## Data below

- - - - -

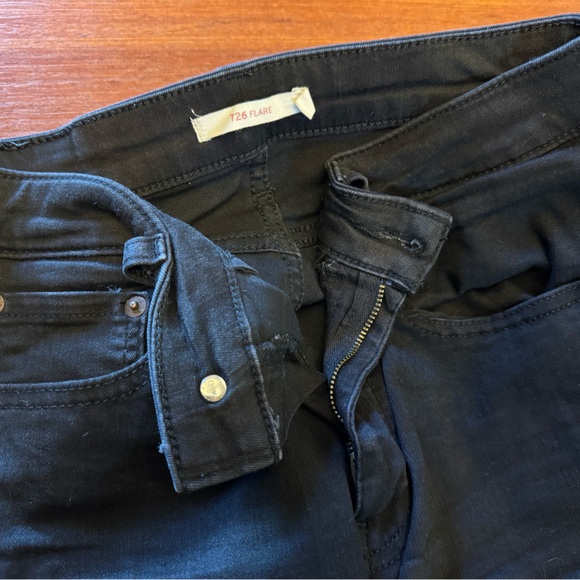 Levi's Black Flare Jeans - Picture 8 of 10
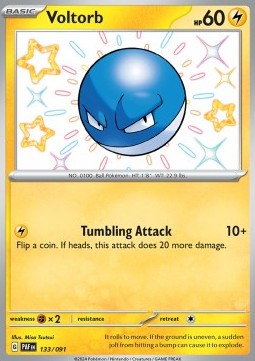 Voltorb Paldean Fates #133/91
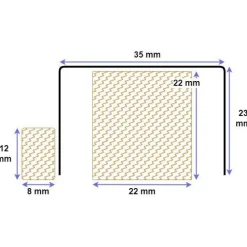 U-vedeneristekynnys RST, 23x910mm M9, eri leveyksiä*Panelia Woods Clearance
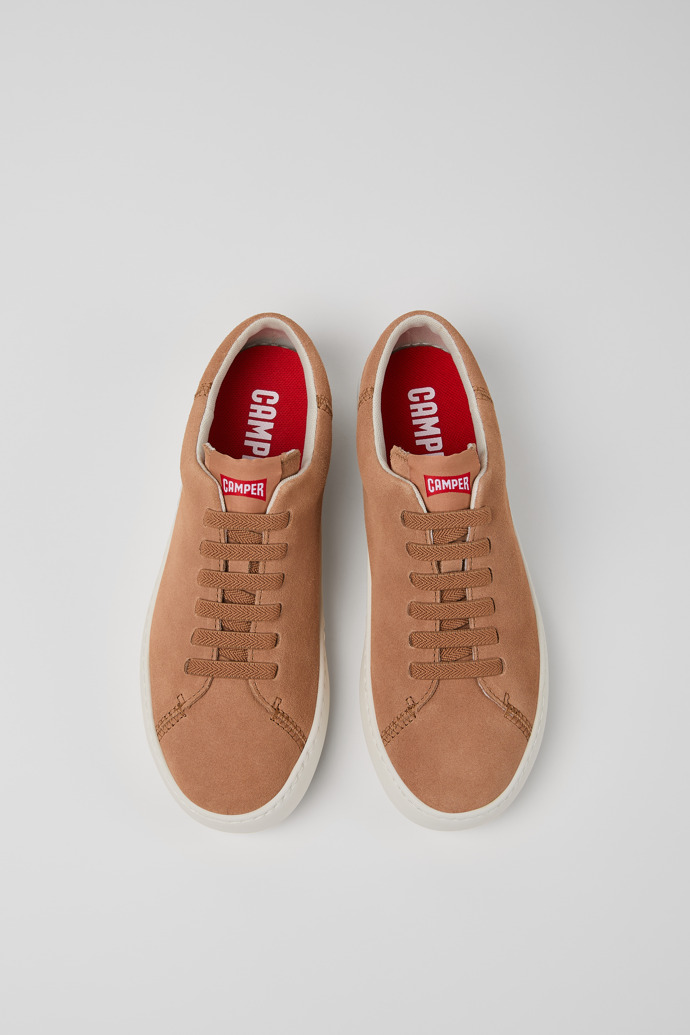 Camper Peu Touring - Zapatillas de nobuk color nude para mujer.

- - - - -

## Task item
Return the lines of the data above in full and exactly, with no pictures.

## Exercise result
 Levi's Black Flare Jeans - Picture 8 of 10
 Voltorb Paldean Fates #133/91
 U-vedeneristekynnys RST, 23x910mm M9, eri leveyksiä*Panelia Woods Clearance
 Camper Peu Touring - Zapatillas de nobuk color nude para mujer.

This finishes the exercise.